So this gorilla shows up at the personnel office and asks for a job. The personnel director says, "Are you kidding? We can't hire you. You look like a gorilla." To which the gorilla replies, "Watch out, buddy, I'm gonna sue you for employment discrimination under the Rehabilitation Act of 1973."

Okay, it's not much of a punch line. What do you expect? I got it from the Harvard Law Review, in an essay arguing that it should be illegal to discriminate on the basis of physical attractiveness. In fact, says the author, "facial discrimination" may already be illegal under laws forbidding discrimination against the handicapped. "It . . . seems an arbitrary distinction to say that an employer cannot refuse to hire a person who has a disfiguring scar on his chin, for example, but can refuse to hire someone whose chin is jutting or unusually shaped."

The logic is impeccable. Appearance, like race and sex and physical handicap, is an immutable characteristic. Like these other disadvantages, an unattractive appearance usually has no connection to your ability to do the job. Therefore, discrimination on this basis is just as unfair and should be outlawed. Conservative opponents of the general trend in civil rights would have no trouble agreeing that this is, indeed, the logical extension of that trend. That, they would say, is a comment on the trend.

Even these conservatives, though, would have to concede that beauty is a great advantage in the world. In good law review style, the author cites an array of studies proving the obvious: people automatically assign favorable nonphysical characteristics to other people who are good-looking; strangers are more likely to do favors for physically attractive people; ugly people get higher sentences in criminal cases and lower damage awards in civil lawsuits.

Of course, many rise above the handicap of appearance to become distinguished professors at Harvard Law School and other successes in life. It is my experience, for example, that when you see a famous person in the flesh, he or she is almost invariably shorter than you expect. (A friend of mine adds a corollary that famous people are almost invariably tanned, but that's neither here nor there.) This pattern is partly explained by the exaggerated stature that famous people take on in your mind, but there must also be some kind of Napoleonic impulse that drives short people to succeed.

Nevertheless, no one would choose to be short and ugly over tall and handsome. We are all traumatized to varying degrees about our appearance. Facial discrimination is far more overt and shameless than racial discrimination: our culture doesn't even attempt to hide its preference for certain arrangements of facial and bodily parts over others. Few of us even pay lip service to the ideal of indifference to physical beauty.

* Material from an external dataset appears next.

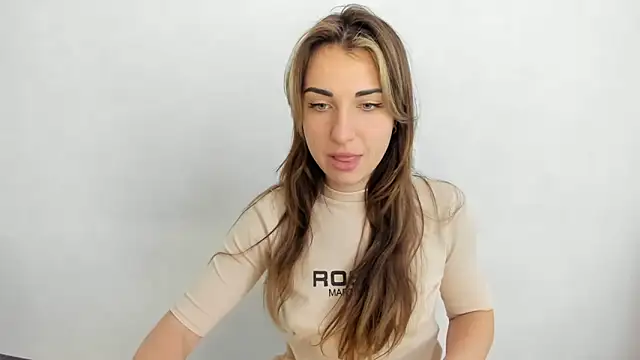 Snapshot of Summmmersky chatting on 02.10.25 Summmmersky online show from 02.10.25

Life will never deal an equal hand to the physically unattractive (or the "aesthetically challenged," as one tart conservative predicts the approved term will inevitably become). But shouldn't they at least be protected against discrimination in employment, housing and college admissions?

In many cases, looks may not be an irrelevant criterion at all. The anonymous author is prepared to make a few narrow exceptions for jobs like acting. But he takes a hard line against exceptions for salespeople, stewardesses and so on. If looks are an advantage in these fields (which of course they are), it is only because of prejudice in society as a whole, if not in the particular employer. We don't permit employers to pander to the racism of their customers. Why should we permit pandering to what might be called "looksism"?

No, the justice of the cause is beyond doubt. The question is whether we can afford to expand the awesome machinery of civil rights litigation into this vast new area. Of course, there is a natural restraint operating here, which the author unintentionally reveals in describing how an ugly-rights lawsuit might work: "an applicant will be able to point to some 'objective' aspect of his appearance -- such as obesity, shortness, an unusual-looking nose or protruding ears {or} an applicant may . . . be able to demonstrate that in some general way, given the totality of his appearance, he is considered unattractive." He also suggests the use of expert witnesses. But it will be an exceptionally greedy or bitter person who would wish to pay a beauty expert to describe in a public courtroom how ugly he is.

Yet conservatives have a point when they ask where it will all end. The author suggests that job interviews be conducted over the telephone, to avoid looks bias. But doesn't this leave open the possibility of prejudice on the basis of a whiny voice? Or, he says, job applicants could be interviewed behind a screen -- a system already used for orchestra auditions -- so that an unpleasant face doesn't obscure an applicant's "pleasant personality." But parents of newborns will tell you that personality is also largely innate and immutable. What about "grouch liberation"?

Well, the one citadel of prejudice we may be sure is free from storming by the battalions of Harvard Law School is our society's overwhelming bias in favor of smart people. They may be short, fat and ugly up there, with protruding ears, unusual noses, jutting chins and dyspeptic personalities. But they're not dumb.